-- Information given follows --
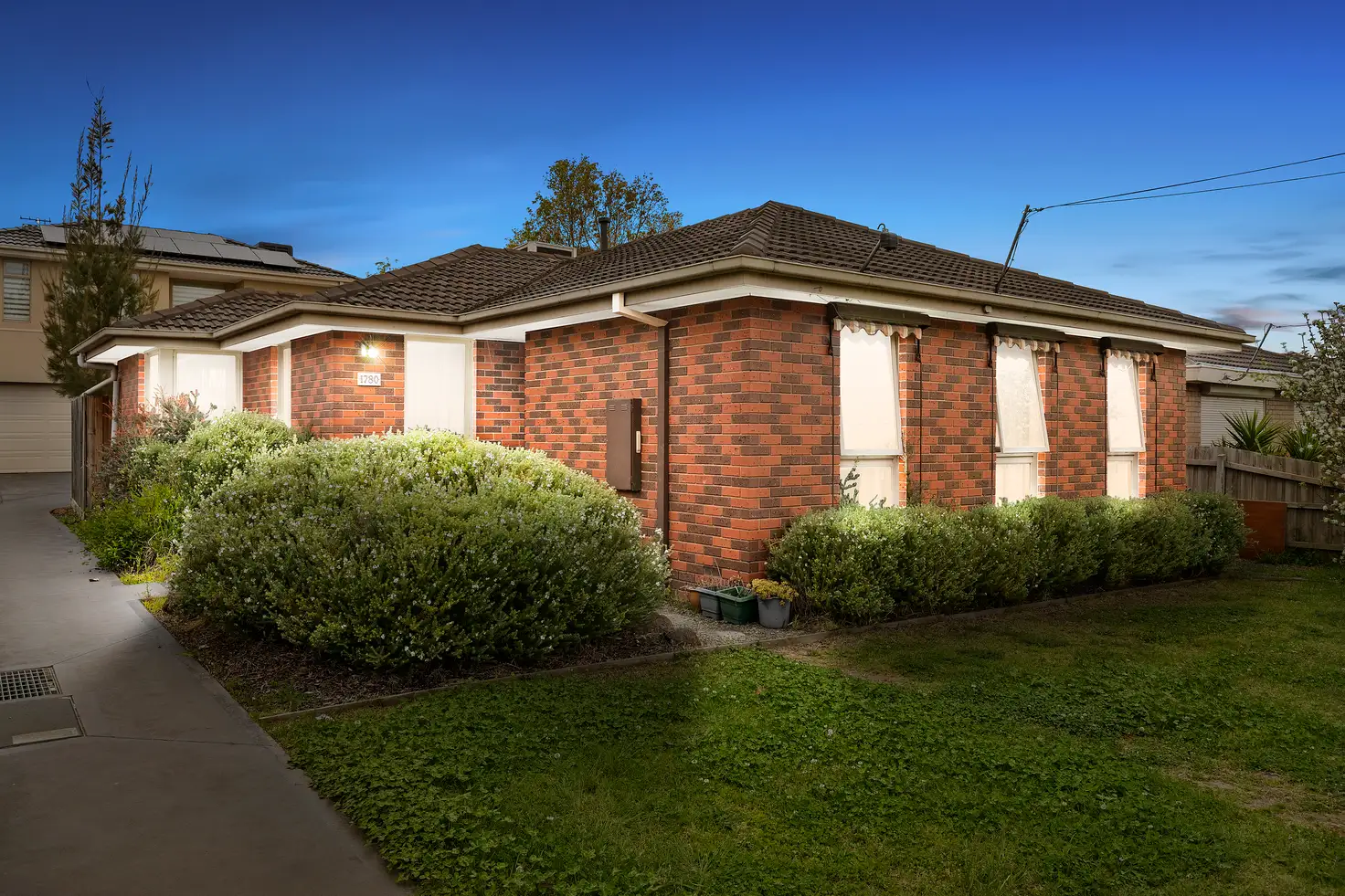 Main view of Homely unit listing, 1/1780 Ferntree Gully Road, Ferntree Gully VIC 3156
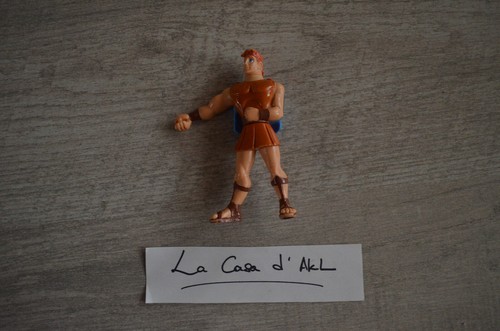 Figurine hercule disney - hercule,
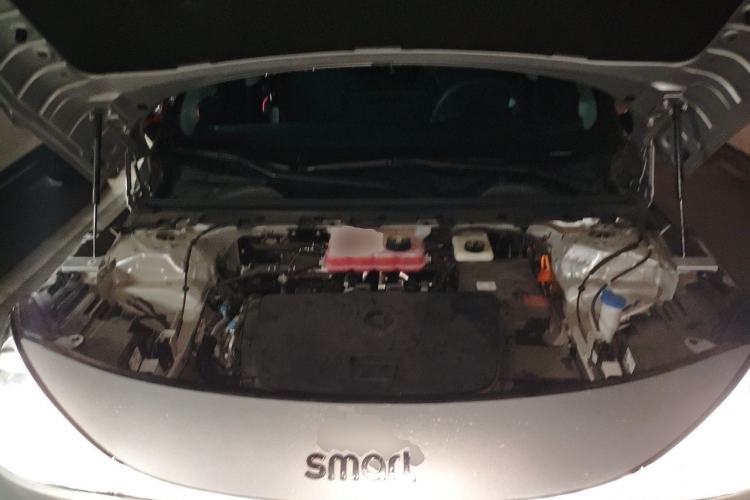 Used smart #1 2022 Premium Edition Engine Bay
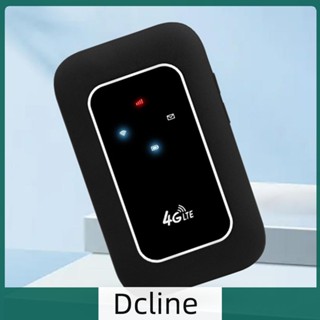 [Dcline.th] เราเตอร์ไร้สาย WiFi 150Mbps 4G 2100mAh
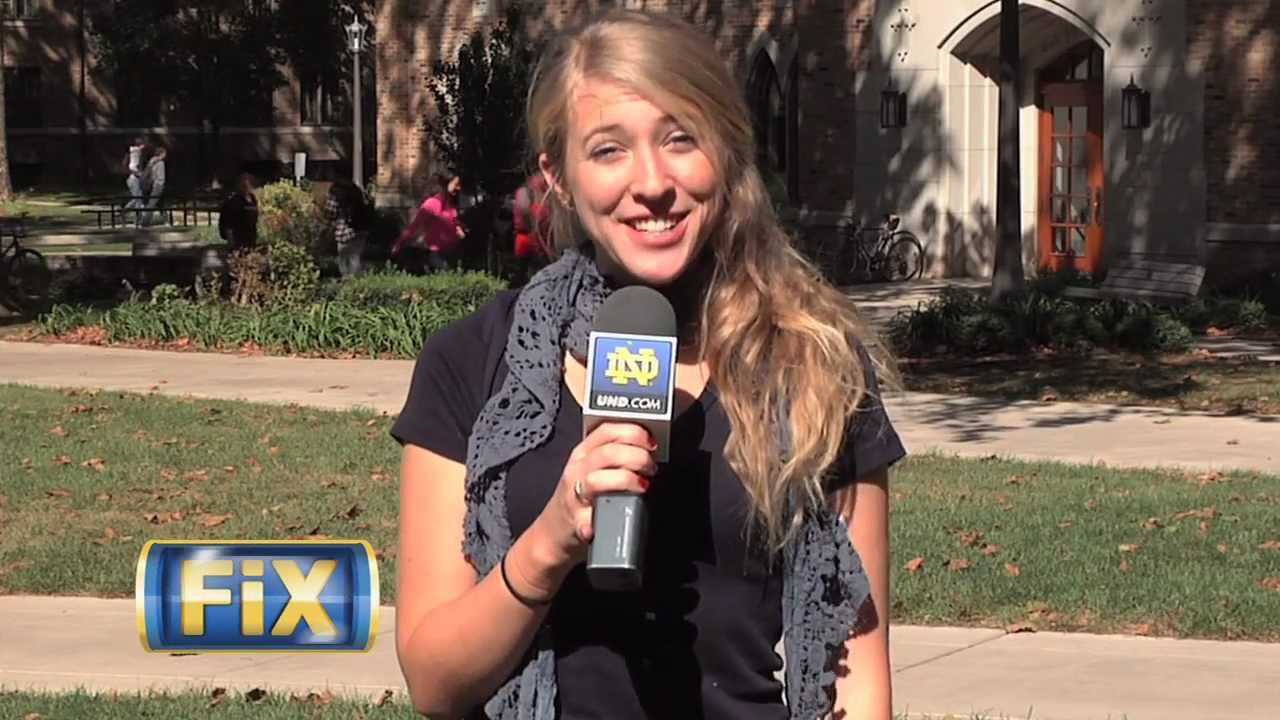 Fighting Irish Xtra 09/24/12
-- Information given concluded --
What is required >>
Provide an exact copy of the records, excluding every picture.

Your response >>
 Main view of Homely unit listing, 1/1780 Ferntree Gully Road, Ferntree Gully VIC 3156
 Figurine hercule disney - hercule,
 Used smart #1 2022 Premium Edition Engine Bay
 [Dcline.th] เราเตอร์ไร้สาย WiFi 150Mbps 4G 2100mAh
 Fighting Irish Xtra 09/24/12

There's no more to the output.